I spent most of today walking around with a can of red kidney beans. They’re sitting on the desk as I write this.
This came to pass because I’d known since last night that I’d be making a vegan chili for dinner this evening but that I was lacking one all-important ingredient.
Yes. The red kidney beans.
You might think it is suspiciously well-organised for a young man to know what he’s going to be eating for dinner almost 24 hours in advance, but I say no! it’s practically brinkmanship.
You see, when I order my groceries online I usually have a ten-day cycle in mind and while I don’t eat my ten dinners in any particular order, the vegan chili is usually the last thing I decide to cook. I don’t know why but that’s the way it tends to go. And tonight, being Day 10, is chili night.

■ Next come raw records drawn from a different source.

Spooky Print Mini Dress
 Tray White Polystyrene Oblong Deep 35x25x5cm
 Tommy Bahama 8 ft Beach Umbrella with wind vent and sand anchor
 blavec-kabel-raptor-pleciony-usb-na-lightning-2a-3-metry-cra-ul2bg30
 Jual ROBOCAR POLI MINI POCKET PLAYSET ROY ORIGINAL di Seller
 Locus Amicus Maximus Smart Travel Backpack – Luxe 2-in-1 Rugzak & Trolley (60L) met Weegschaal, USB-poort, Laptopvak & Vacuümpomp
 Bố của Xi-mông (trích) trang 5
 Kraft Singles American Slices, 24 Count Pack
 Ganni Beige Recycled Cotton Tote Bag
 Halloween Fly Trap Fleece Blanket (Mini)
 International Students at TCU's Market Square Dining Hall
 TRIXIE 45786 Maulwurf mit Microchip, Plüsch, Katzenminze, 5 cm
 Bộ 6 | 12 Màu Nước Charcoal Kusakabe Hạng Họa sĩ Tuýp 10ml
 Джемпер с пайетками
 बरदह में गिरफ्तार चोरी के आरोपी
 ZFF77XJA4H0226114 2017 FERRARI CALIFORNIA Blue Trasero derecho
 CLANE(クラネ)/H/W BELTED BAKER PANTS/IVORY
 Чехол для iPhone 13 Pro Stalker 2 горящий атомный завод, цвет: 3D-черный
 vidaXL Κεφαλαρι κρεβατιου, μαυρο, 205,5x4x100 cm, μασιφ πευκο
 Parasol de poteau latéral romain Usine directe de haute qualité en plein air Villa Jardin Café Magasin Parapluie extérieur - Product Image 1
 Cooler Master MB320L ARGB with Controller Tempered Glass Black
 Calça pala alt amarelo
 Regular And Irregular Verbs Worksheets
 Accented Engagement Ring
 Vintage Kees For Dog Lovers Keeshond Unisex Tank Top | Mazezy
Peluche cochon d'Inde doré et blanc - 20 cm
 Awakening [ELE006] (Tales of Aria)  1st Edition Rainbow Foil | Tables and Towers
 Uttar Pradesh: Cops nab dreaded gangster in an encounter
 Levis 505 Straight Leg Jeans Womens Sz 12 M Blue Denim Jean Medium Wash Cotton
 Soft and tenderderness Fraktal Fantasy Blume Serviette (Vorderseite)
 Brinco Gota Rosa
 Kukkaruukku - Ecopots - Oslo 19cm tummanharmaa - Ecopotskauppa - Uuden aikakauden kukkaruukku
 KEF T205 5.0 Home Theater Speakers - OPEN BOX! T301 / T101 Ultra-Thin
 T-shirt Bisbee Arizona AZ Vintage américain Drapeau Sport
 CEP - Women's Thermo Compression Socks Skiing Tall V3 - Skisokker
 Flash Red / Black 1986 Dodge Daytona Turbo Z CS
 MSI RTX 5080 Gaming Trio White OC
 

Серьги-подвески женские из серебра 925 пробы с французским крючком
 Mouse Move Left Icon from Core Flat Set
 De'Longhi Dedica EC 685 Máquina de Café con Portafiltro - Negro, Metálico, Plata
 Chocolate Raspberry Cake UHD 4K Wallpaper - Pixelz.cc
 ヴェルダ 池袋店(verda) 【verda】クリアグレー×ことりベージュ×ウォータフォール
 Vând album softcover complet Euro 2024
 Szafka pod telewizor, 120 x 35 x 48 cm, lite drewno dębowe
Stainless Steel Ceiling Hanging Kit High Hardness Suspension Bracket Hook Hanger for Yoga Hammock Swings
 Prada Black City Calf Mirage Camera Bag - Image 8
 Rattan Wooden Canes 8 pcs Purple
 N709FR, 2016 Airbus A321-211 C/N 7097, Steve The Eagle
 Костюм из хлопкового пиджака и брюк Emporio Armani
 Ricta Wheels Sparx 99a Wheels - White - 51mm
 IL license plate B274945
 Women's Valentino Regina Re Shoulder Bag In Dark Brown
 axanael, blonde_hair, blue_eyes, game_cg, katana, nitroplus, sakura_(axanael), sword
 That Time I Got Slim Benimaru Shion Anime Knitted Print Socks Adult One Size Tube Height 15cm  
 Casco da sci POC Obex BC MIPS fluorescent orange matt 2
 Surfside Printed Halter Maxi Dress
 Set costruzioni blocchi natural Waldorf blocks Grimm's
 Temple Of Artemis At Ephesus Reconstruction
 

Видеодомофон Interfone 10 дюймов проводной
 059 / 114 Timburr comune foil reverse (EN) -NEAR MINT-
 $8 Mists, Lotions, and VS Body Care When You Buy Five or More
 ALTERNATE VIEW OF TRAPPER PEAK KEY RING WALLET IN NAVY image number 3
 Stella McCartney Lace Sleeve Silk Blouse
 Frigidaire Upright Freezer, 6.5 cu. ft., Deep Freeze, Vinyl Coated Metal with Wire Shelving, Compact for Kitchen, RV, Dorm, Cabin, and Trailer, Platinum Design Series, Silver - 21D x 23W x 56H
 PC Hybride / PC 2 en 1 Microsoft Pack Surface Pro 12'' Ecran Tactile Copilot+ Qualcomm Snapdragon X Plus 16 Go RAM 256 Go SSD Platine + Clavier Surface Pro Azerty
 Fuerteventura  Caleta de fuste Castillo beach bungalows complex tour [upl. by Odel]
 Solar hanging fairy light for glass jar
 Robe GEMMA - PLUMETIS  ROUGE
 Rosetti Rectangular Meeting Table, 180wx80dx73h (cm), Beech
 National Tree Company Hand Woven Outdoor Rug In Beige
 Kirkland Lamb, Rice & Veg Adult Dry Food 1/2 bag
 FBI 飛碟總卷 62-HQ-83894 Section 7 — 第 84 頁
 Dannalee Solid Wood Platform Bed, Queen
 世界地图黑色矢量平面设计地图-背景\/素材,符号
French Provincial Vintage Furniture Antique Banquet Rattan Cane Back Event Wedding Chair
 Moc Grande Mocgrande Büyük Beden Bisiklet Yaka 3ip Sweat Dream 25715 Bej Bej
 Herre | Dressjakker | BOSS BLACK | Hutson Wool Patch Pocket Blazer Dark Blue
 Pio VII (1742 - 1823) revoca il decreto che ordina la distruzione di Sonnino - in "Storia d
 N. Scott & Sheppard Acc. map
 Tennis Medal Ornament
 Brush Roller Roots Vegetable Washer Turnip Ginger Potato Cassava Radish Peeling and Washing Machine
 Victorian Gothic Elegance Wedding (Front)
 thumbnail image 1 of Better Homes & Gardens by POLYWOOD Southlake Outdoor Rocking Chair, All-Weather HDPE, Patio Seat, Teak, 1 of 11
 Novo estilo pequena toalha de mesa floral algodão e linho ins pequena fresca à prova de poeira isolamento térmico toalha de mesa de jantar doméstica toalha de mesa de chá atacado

So you see, I am no Nostradamus, nor are my culinary habits regimented to the point of total predictability. That is, if you don’t count the unbreakable appointment with destiny that is eating a vegan chili every tenth evening.
Three-times-a-month Vegan Chili Boy, they’ll call me. This is mildly preferable to Mr. Tunafish.
Anyway, I knew that the only shops I’d be passing on my journey today would be around 11am when I’d be passing through trendy Finnieston. The rest of my day would be spent at home and on trains and on Concrete Island (the name I give to an office complex in a wasteland near the motorway where Nothing Shall Growe).
So I bought the can of Red Kidney Beans at 11am in full knowledge that I’d be walking around with them for the next seven or eight hours.
People kept giving me strange looks. “Hark,” their glance said, “at that man with his red kidney beans,” and “what’s a lad like that doing with a can of red kidney beans? This ain’t no Mexican chili cook-off. Unless it is of course. Is this a Mexican chili cook-off? I hope it is. But I bet it isn’t. My hopes are routinely dashed.”
At first I didn’t understand their problem. What is wrong with carrying a can of red kidney beans around. Is it so strange and improbable?
But after a while, it began to occur to me that in the sorts of places I was spending time today — a library, Concrete Island, some commuter trains — there could never be call for cans of red kidney beans. The can wasn’t stashed away in a grocery bag or anything, I was just carrying it around as if I had something in mind for them –something relatively imminent and, given the lack of cooking equipment in the vicinity, something out of the ordinary. Did they think I was going to crack it open and start eating the beans with my hands?
I was also wearing a three-piece suit as usual, which admittedly isn’t the typical outfit of someone who is about to do anything reasonable with a can of red kidney beans. They probably wondered if the can of red kidney beans were my pet or something. Maybe they thought that the can of beans was my friend.
I began to feel a bit silly.
“I see you’ve noticed my beans,” I began say to people when they gave me a particularly funny look, and then I would find myself going into a defensive ramble about the workings of my ten-day grocery cycle and how I wouldn’t be going near any shops today aside from the ones I’d be passing around 11am and that I had little choice but to carry them around all day.
But then people really started giving me even stranger looks, as if I were some sort of kidney bean pervert.
Eventually, I decided to embrace the eccentricity that apparently comes with innocently carrying around a can of red kidney beans all day long by getting in before people had a chance to find it strange. “I don’t think you’ve noticed my red kidney beans,” I said to a passerby, “What do you think?”
“Thank for seeing me today,” I said to someone I’d been meeting, “I’d like to introduce my can of red kidney beans.”
I am home now and thinking about preparing that chili. It feels a shame to eat them now really. Maybe I’ll take my beans out to a restaurant.